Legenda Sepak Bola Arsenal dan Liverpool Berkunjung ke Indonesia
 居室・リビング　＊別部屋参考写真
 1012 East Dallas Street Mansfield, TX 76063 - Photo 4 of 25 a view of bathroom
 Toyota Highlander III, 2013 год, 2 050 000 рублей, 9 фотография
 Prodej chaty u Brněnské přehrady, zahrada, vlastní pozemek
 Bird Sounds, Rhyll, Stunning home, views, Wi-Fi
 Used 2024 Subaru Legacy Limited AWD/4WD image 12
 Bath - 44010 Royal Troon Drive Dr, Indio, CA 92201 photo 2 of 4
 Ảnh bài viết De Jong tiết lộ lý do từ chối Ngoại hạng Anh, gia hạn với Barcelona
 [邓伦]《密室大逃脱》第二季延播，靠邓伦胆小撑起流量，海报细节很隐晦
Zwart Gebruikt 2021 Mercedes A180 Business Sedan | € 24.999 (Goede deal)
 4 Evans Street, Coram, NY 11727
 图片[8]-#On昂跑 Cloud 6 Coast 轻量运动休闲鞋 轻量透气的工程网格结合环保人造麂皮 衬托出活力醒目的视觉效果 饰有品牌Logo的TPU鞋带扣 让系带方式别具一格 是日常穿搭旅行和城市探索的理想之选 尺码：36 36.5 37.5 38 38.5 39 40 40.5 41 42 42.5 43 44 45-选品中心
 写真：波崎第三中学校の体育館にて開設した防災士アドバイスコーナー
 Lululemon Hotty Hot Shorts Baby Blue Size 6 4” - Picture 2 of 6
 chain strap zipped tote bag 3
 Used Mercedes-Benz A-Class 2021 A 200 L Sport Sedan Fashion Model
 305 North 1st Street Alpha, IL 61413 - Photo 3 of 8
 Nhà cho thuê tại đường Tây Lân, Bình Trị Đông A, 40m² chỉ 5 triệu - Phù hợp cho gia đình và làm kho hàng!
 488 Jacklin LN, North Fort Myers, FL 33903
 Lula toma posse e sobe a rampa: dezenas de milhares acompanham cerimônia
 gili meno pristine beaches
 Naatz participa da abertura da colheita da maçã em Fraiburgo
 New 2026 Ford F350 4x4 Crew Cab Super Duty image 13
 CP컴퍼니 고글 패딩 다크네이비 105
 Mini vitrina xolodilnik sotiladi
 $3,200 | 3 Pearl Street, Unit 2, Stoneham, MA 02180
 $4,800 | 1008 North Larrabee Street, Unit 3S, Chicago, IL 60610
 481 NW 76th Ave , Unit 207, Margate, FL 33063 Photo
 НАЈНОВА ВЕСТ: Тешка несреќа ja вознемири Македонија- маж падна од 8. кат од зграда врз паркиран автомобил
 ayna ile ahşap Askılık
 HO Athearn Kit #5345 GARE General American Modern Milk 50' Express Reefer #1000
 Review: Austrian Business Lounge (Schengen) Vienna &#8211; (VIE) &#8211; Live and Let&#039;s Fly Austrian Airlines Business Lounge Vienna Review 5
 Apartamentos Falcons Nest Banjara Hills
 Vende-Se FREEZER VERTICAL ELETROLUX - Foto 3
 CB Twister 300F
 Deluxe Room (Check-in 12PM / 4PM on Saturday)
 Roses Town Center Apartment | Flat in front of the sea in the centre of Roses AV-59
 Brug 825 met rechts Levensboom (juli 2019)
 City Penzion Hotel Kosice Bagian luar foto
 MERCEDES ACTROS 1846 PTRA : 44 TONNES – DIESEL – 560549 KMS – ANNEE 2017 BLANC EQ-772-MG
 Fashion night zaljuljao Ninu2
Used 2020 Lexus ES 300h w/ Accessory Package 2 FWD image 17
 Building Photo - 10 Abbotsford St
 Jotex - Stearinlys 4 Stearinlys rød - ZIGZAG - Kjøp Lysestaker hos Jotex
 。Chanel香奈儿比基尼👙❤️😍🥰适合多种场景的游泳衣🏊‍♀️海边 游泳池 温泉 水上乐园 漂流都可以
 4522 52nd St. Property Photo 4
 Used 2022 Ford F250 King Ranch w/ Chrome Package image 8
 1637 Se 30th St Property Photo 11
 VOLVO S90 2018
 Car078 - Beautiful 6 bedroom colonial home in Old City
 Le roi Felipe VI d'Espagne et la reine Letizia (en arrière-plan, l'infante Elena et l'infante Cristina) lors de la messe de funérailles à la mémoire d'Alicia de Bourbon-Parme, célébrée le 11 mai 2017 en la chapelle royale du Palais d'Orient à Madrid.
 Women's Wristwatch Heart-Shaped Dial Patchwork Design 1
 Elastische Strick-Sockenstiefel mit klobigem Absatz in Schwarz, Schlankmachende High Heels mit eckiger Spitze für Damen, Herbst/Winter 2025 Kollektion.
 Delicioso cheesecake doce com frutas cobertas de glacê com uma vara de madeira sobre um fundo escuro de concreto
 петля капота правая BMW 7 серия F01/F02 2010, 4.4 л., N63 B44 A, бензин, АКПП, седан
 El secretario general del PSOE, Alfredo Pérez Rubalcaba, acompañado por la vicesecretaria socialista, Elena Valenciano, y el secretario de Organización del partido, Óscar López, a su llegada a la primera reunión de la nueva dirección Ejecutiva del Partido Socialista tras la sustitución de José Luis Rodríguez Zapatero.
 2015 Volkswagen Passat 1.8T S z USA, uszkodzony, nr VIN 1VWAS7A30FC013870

_ _ _ _ _ _ _

Task requirements. Identify all lines in the records above with the word "City".

Response.
 City Penzion Hotel Kosice Bagian luar foto
 Car078 - Beautiful 6 bedroom colonial home in Old City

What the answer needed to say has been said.